今日は初めて文京区にある根津美術館に、「くらもちふさこ展」を見に行ってきました。

私の中で急にくらもちふさこ熱が上がり、調べたらちょうど今月末の5/29までが会期と分かったのでラッキーでした!

会期が4回に分かれていて、今やっているのは最終のものになります。

展示内容は作品保護のためカラーだけ交換されているということでしたが、調べる前は「時代順に作品を展示しているの?「花に染む」の陽大の絵が無かったらどうしよう…」と困惑。

何しろ館内は撮影禁止のため、公式ツイッターで上がっているものしか展示内容は確認出来ません。

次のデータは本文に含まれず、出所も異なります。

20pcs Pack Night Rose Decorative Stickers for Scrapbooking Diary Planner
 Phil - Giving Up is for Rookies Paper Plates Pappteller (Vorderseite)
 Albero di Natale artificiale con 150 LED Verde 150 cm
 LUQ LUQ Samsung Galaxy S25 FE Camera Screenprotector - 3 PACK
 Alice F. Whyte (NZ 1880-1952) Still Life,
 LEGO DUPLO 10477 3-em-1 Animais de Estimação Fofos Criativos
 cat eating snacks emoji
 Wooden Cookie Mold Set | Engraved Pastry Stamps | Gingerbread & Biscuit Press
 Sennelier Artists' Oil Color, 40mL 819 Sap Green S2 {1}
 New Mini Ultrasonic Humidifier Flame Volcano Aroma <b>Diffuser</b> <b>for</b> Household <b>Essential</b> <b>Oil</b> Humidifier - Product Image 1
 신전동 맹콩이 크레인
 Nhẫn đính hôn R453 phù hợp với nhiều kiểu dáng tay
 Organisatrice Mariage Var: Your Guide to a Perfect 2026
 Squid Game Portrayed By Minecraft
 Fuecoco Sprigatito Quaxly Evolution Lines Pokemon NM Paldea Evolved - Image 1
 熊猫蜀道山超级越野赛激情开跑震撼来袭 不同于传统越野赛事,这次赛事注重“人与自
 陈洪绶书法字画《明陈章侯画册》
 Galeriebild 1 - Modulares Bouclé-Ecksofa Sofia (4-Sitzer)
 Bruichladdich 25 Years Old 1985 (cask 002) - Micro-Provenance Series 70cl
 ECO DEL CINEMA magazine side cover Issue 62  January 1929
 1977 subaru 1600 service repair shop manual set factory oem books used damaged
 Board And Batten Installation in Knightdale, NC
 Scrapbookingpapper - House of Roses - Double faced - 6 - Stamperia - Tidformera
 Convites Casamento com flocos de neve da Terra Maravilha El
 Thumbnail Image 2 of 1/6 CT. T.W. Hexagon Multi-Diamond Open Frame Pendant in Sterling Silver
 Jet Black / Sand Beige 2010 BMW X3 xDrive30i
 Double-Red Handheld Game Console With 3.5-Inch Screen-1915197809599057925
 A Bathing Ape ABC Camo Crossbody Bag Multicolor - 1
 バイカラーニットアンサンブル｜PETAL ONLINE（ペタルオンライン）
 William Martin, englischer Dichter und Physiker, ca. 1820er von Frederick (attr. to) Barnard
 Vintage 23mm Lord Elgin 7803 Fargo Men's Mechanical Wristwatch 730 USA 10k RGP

が、無事に2階の最後のコーナーで「駅まで5分」と「花に染む」の原画と、デジタル加工された絵を並べたものが見られました!




花に染む 1【電子書籍】[ くらもちふさこ ]

この絵、帰りに展示会のタイミングで出版されている本にも載っていましたが、説明を読むと

「頭を大きく描きすぎてしまったので、トリミングでカットしてもらったら良い感じになった」

と思われているそうです。


THE くらもちふさこ デビュー50周年記念画集 (愛蔵版コミックス) [ くらもち ふさこ ]

この本、展示会場では現金払いしか出来ないため、あとでネットで買おうかなぁと考え中。


ちなみにですが、弥生美術館は最寄駅がいくつかあるけど、どれもそこそこ遠いです。

そしてチケットは事前予約制で、空き枠のある希望時間を選択し、ネットでメルアドと電話番号と住所を書いて申し込み、当日入口で千円支払って入館。

入口には、くらもちふさこのサイン入りポスターが貼られていました。



弥生美術館は東京大学の裏手にあるのですが、こちらもレトロな建物で素敵でした!



館内は撮影禁止で、この2階のドア前にあるファンのメッセージを貼れるポスターだけ撮影OKです。



殆どの漫画を読んできてはいるけど、1階のものはかなり初期のものから「海の天辺」あたりまででした。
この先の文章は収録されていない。